Even in an early low-grade endometrial cancer where these preventive measures were taken, PSM can occur [5] . In our case, some of the previous recommendations were practiced, including using an extraction bag.

Nevertheless, it was not sufficient to prevent the port-site metastasis. While high-grade histology and advanced stage are risk factors for recurrence, our patient had no surgical or histological risk factors such as high grade, the presence of positive peritoneal cytology, peritoneal studding or carcinomatosis.

Other currently un-measurable risk factors include tumor biology or genetic predisposition.
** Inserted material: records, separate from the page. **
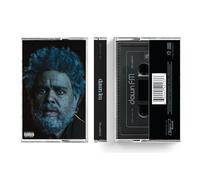 Dawn FM [Cassette]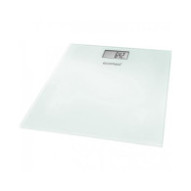 Báscula Personal Digital Ps...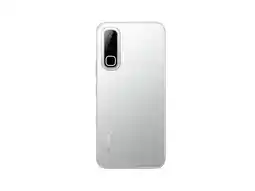 Falabella Celular Hot 70 4g 256gb 4gb Ram 5600mah Plateado oferta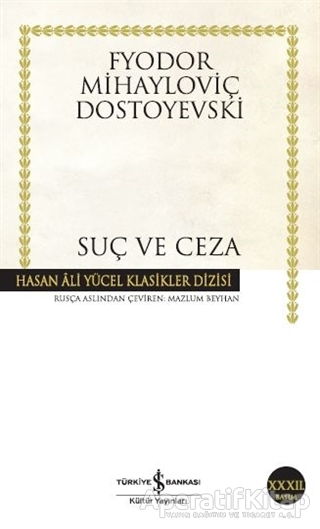 Ucuz Kitap Al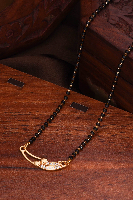 Brado Jewellery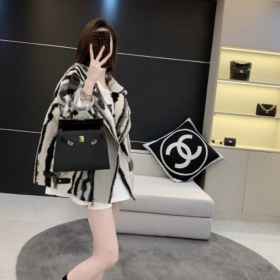 你不努力没关系 反正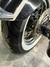 HERITAGE SOFTAIL CLASSIC 2003 Edição de Aniversário 100 anos - comprar online
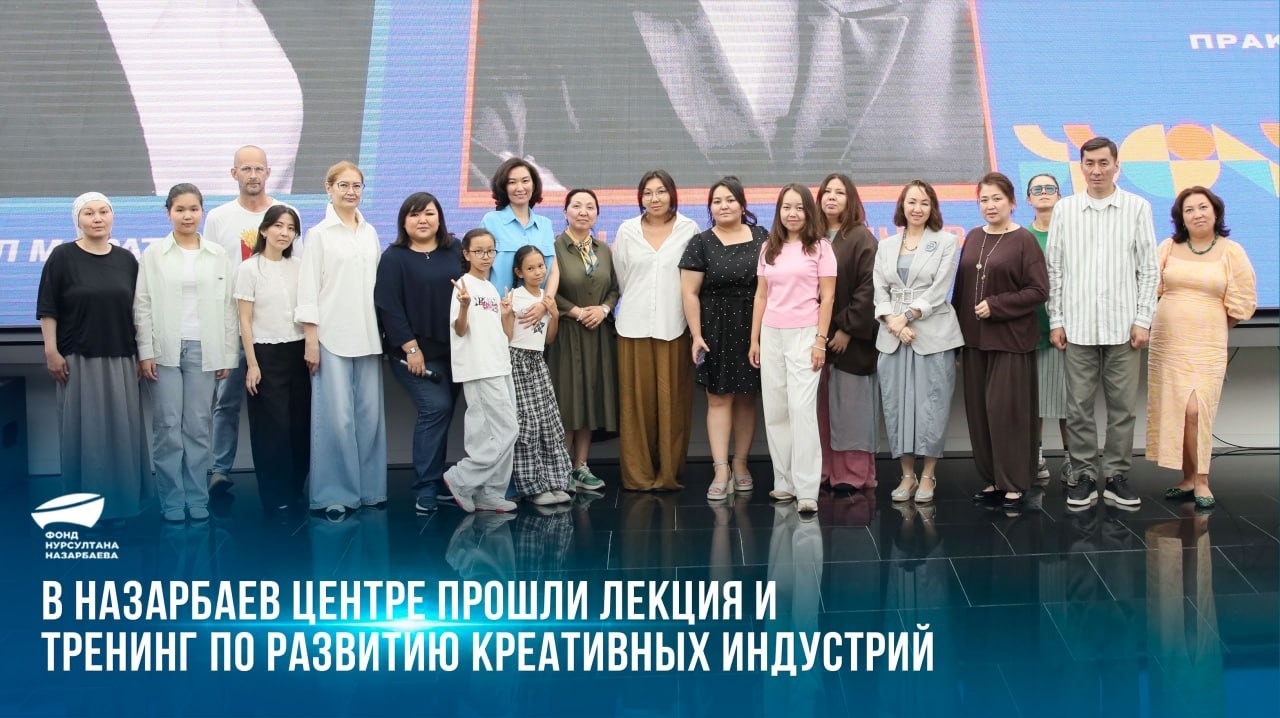 news-img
We suspect that even with surgical attention to the prevention of cell spillage, there will always still be some risk of port-site tumor cell implantation from laparoscopy.

3.6. Possible Reasons Why Our Patient Developed Port Site Metastases

Our patient had a history of Hodgkin’s Lymphoma and the possibility of residual immune suppression from her first malignancy. One hypothesis of why the PSM develops is immune suppression related to pneumoperitoneum, which potentially promotes unrestricted implantation of cancer cells. Another possible reason for the PSM occurrence in this patient might be associated with the surgical complications she has had with her hernia, and the widespread abdominal adhesions. The patient’s severe adhesions were most likely a reaction from her splenectomy (associated with her Hodgkin’s Lymphoma 20 years ago). A two hour-long extensive lysis of adhesions was performed to free up the omentum from the anterior abdominal wall. It is possible that the associated prolonged exposure to CO2 insufflation, causing the “chimney effect”, stimulated tumor entrapment in the port sites.

4. Conclusion

The mechanism of PSM where there are no significant risk factors for recurrence is unknown. Several issues are raised by our case but are difficult to answer on the basis of the present published data. The main concern is whether PSM is iatrogenic or influenced by tumor biology and genetic factors. However, the benefits to laparoscopic surgery outweigh the risks as the incidence rate of PSM is low. Prospectively, multi-center data collection about PSM will lead to a better understanding of the risk factors and surgical techniques that increase risk of port-site metastasis.